The document also states there was an occasional low number of red blood cells in the lungs, but Dr McGill said there should have been none, “strongly indicating that he suffered a traumatic death”.
Ms Macdonald said: “I fully expected the post-mortem results to be negative for bTB but there is no joy in being proven right.
“I am outraged and devastated by the way Geronimo and I have been treated.
“Defra chose to deliberately misuse the test and abuse their power to maintain their barbaric ‘kill at all cost’ regime.”
She added: “Defra are guilty of deliberate wrongdoing, withholding information for political gain and publishing deliberately misleading claims about Geronimo’s results; they need to open their mind up to the fact that they are wrong.”
Dr McGill said the government had the more detailed findings on 10 September but withheld them for a week.
“Mr Eustice held on to his job in the recent cabinet reshuffle on 15 September, despite overseeing a deeply flawed and defective Bovine TB policy. He masterminded a heavy-handed, misleading and ultimately a very cruel approach to Geronimo’s case,” he said.
When asked to respond, Defra repeated earlier comments by chief veterinary officer Christine Middlemiss, who said: “We have completed the initial post-mortem examination of Geronimo.
“A number of TB-like lesions were found, and in line with standard practice, these are now undergoing further investigation.

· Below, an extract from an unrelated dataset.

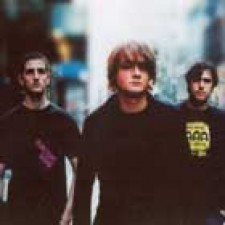 El nuevo sonido de Keane en Under the iron sea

“These tests include the developing of bacteriological cultures from tissue samples which usually takes several months – we would expect to complete the full post-mortem and culture process by the end of the year.”
Ms Macdonald and her supporters have repeatedly accused the government of a cover-up in standing by the TB test results, even though the test manufacturer also cast doubt over their validity.
Dr Broadbent added: “This is the strongest indicator yet that Geronimo did not have bovine tuberculosis. A following negative culture will be conclusive and final evidence.”